--- Data under study Enclosed Below ---

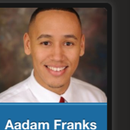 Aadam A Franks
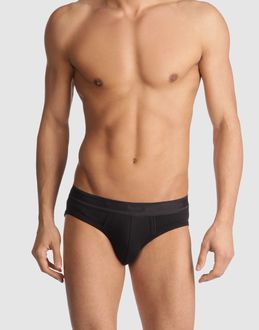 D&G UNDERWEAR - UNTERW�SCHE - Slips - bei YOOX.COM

--- End of Enclosed Data under study ---
--- Data under study Enclosed Below ---

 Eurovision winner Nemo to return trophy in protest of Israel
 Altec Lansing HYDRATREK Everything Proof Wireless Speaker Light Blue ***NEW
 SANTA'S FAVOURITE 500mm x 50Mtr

--- End of Enclosed Data under study ---
--- Data under study Enclosed Below ---

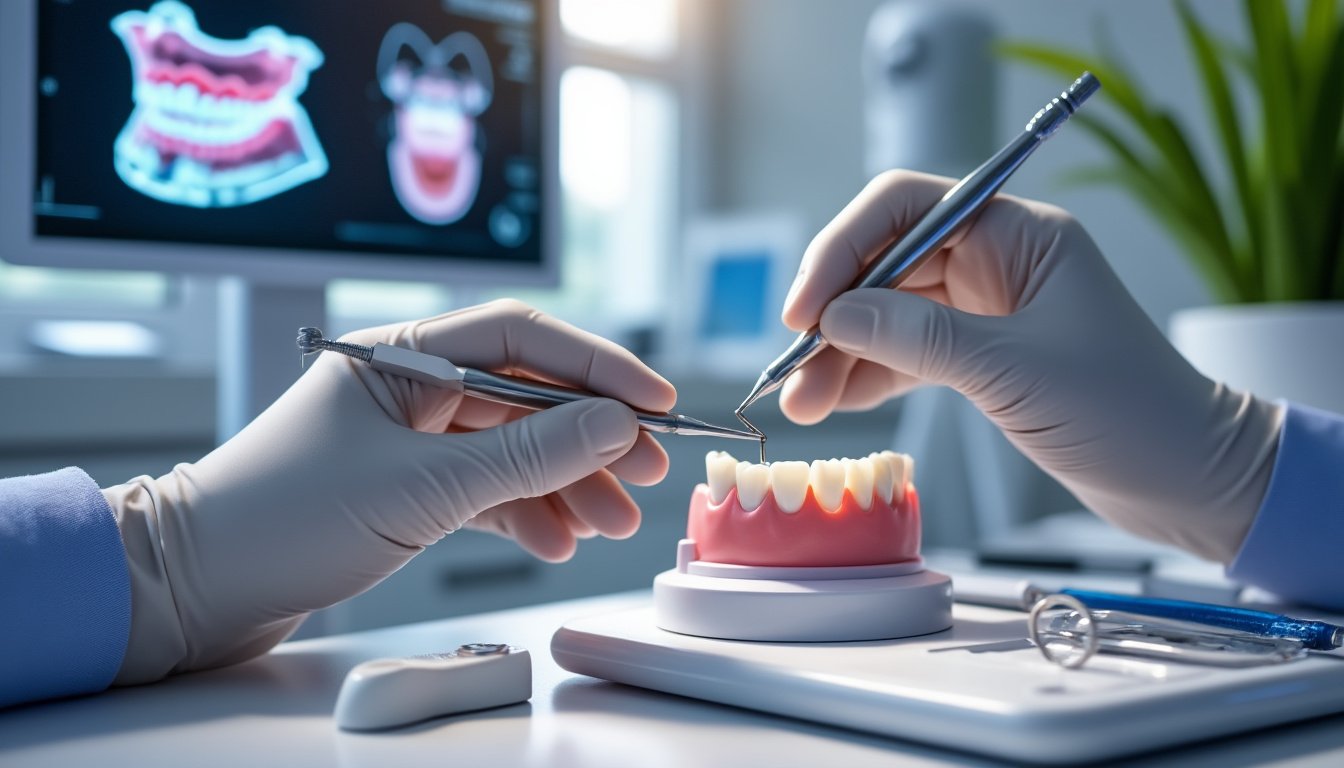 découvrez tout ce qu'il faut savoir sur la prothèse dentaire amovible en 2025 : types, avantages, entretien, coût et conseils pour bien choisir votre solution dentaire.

--- End of Enclosed Data under study ---

[Description of the task] Starting with the line that holds "Altec Lansing HYDRATREK" and ending with the line that holds "SANTA'S FAVOURITE 500mm x 50Mtr", retype every line in the data above exactly, and nothing else.

[Task solution]
 Altec Lansing HYDRATREK Everything Proof Wireless Speaker Light Blue ***NEW
 SANTA'S FAVOURITE 500mm x 50Mtr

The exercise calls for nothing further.